### WHAT TO WORK ON
Retype word for word the stretch of entries below from the line that has "map of restaurants, bars, coffee" through the line that has "Inspection of an", and omit the pictures.

### ENTRIES SHOWN
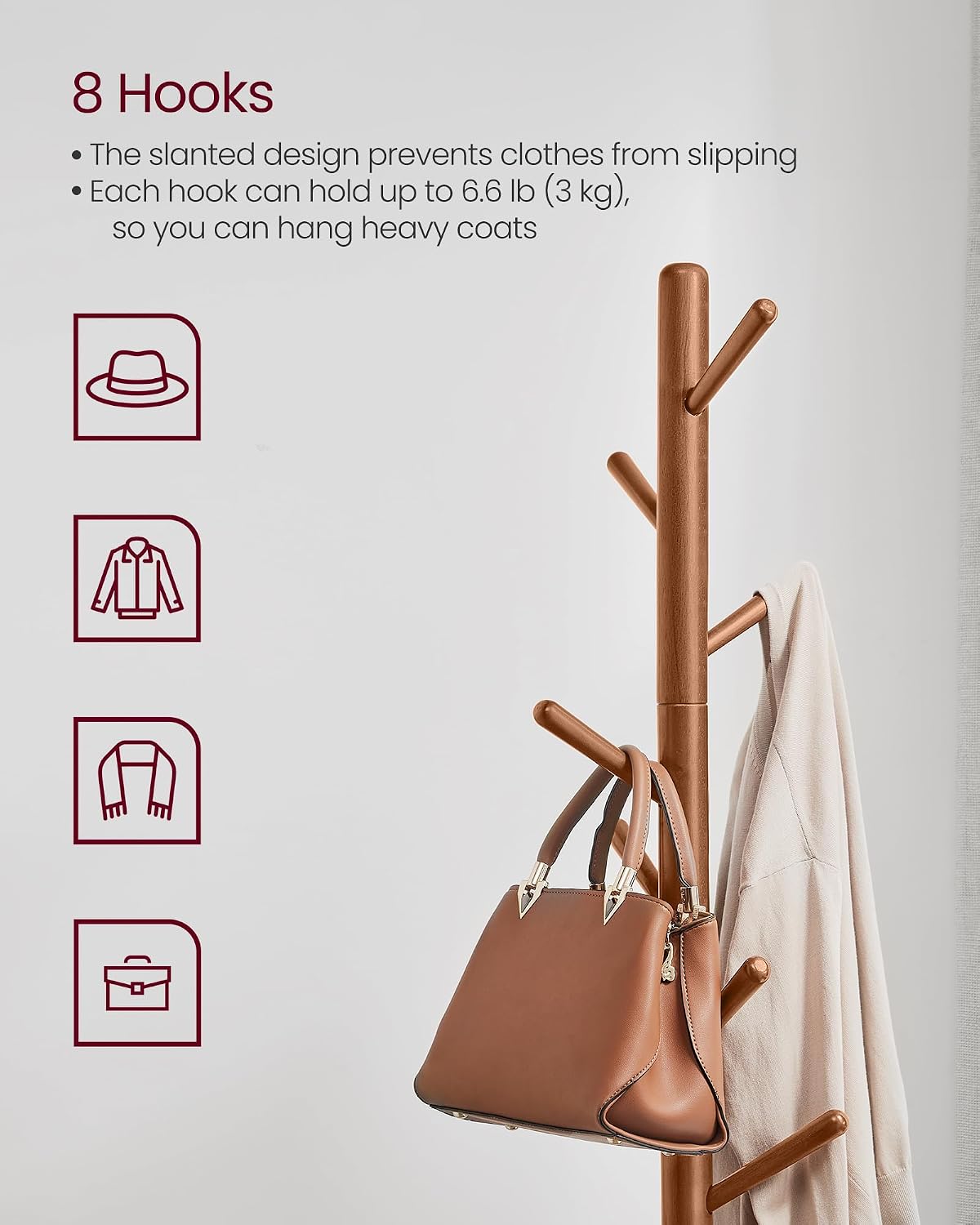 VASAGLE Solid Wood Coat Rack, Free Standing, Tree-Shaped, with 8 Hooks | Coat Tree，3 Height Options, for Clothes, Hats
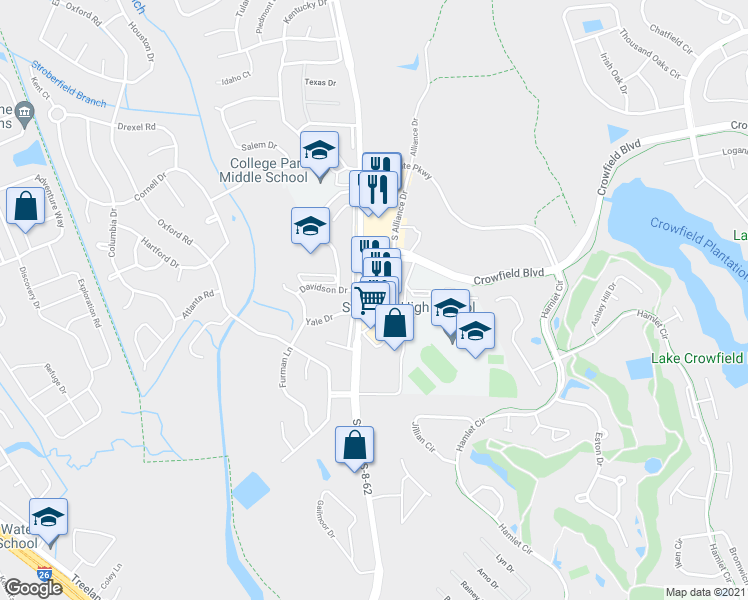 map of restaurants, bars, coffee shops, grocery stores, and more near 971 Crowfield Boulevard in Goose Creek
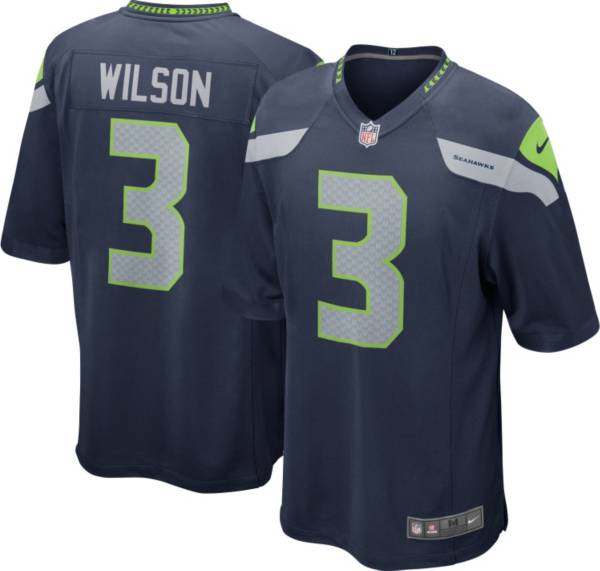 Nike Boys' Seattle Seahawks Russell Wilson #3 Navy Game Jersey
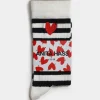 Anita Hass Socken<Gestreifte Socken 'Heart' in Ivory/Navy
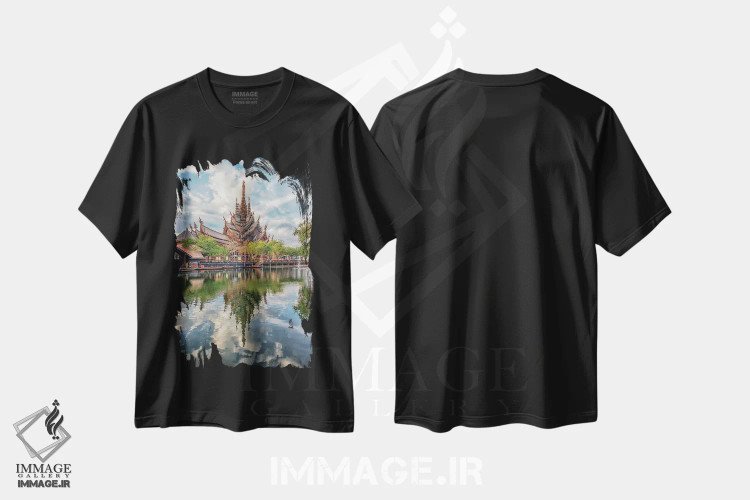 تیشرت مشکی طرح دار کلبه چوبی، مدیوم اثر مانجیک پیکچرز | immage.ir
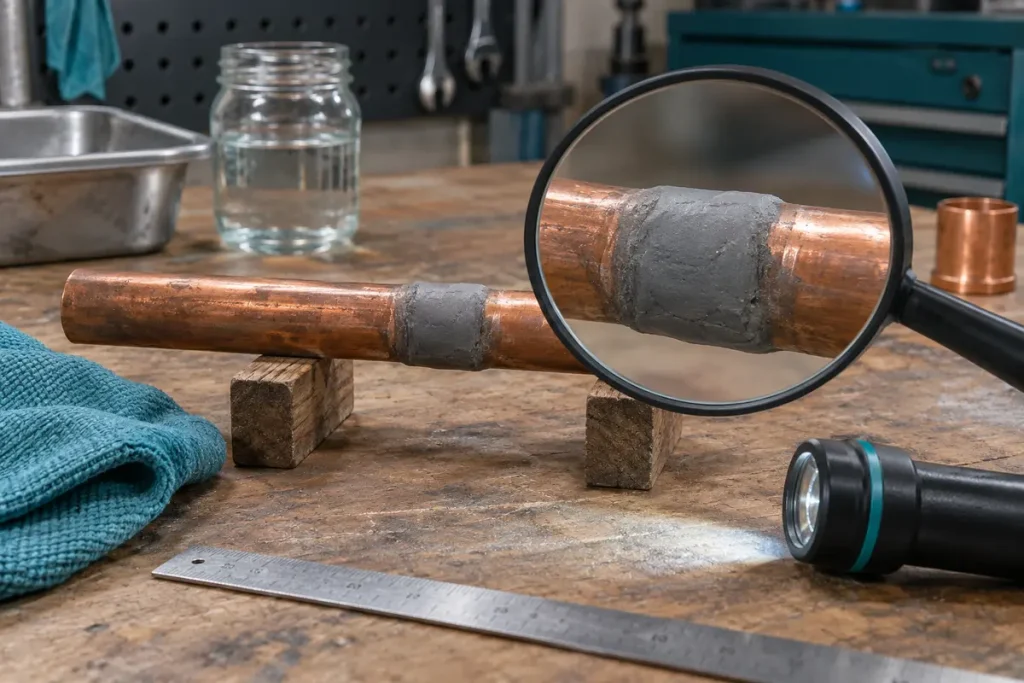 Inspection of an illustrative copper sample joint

--

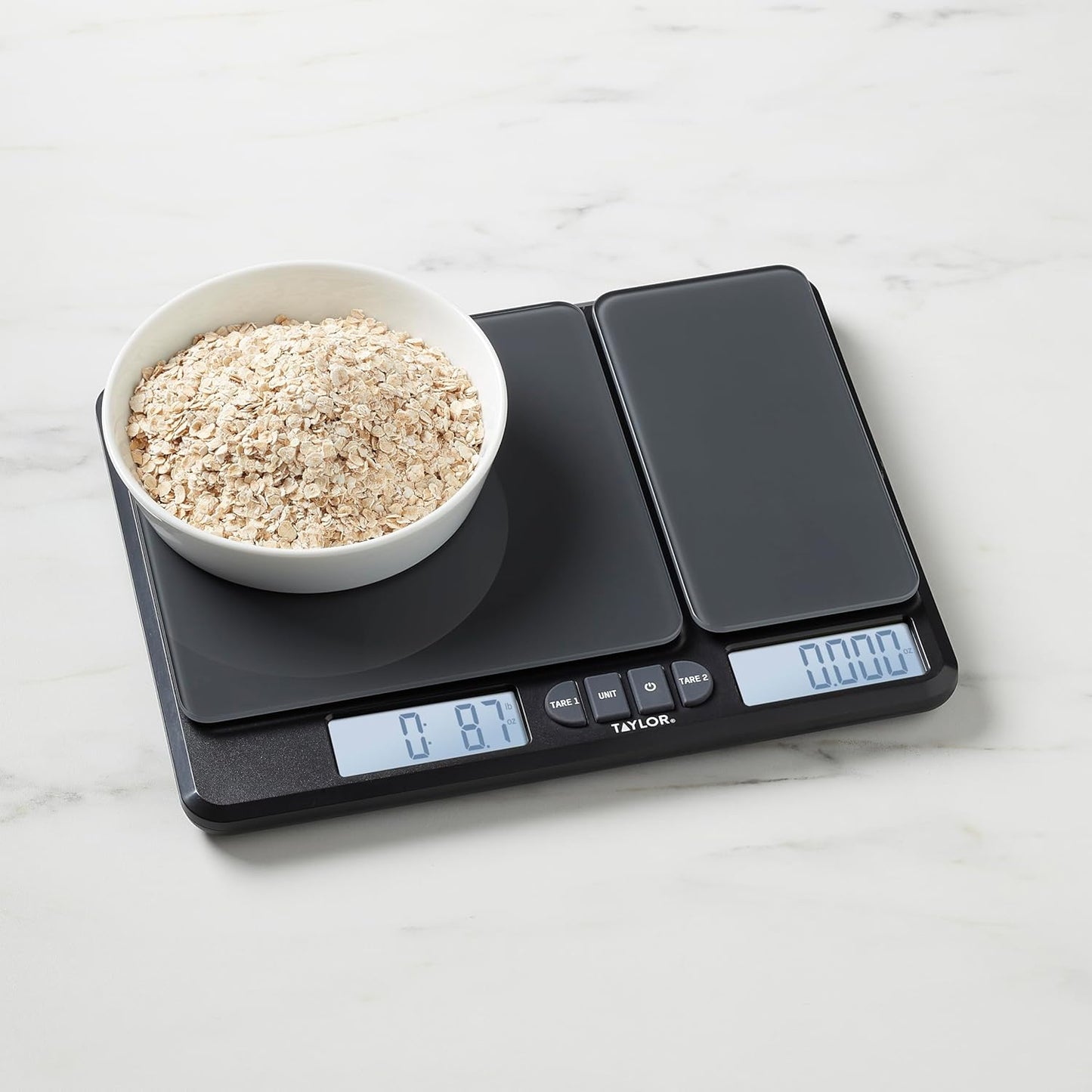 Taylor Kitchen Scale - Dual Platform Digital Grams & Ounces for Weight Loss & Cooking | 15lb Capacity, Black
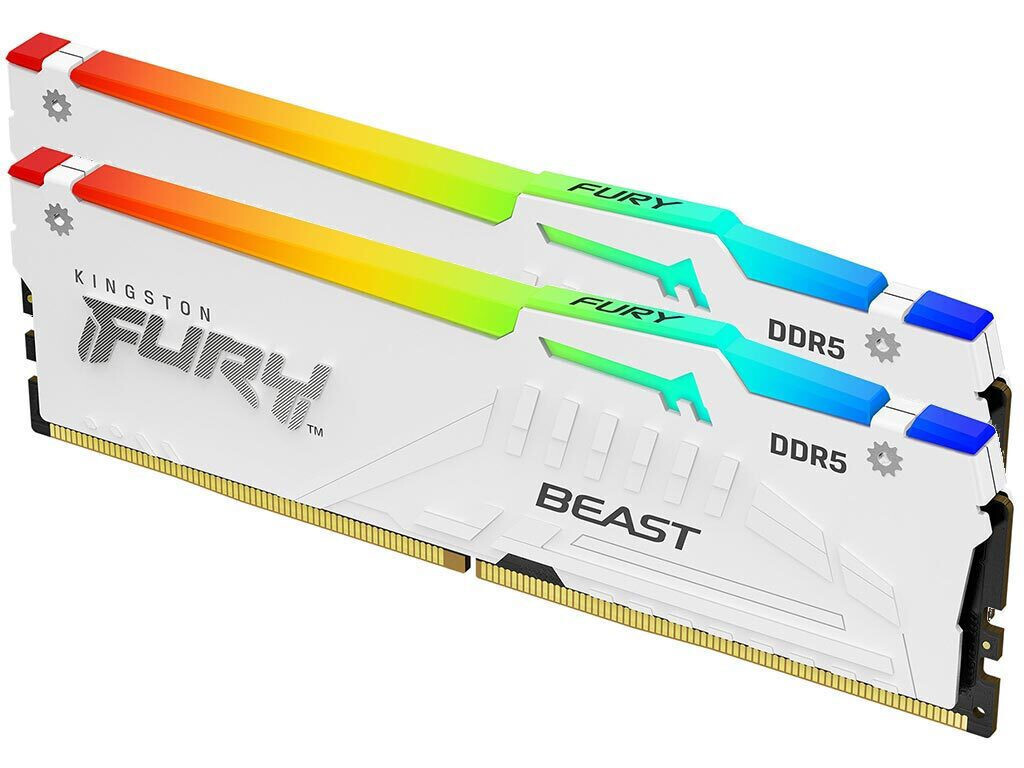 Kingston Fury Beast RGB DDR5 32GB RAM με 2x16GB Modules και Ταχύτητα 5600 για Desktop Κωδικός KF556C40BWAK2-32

### SOLUTION FOR THIS PROBLEM
 map of restaurants, bars, coffee shops, grocery stores, and more near 971 Crowfield Boulevard in Goose Creek
 Nike Boys' Seattle Seahawks Russell Wilson #3 Navy Game Jersey
 Anita Hass Socken<Gestreifte Socken 'Heart' in Ivory/Navy
 تیشرت مشکی طرح دار کلبه چوبی، مدیوم اثر مانجیک پیکچرز | immage.ir
 Inspection of an illustrative copper sample joint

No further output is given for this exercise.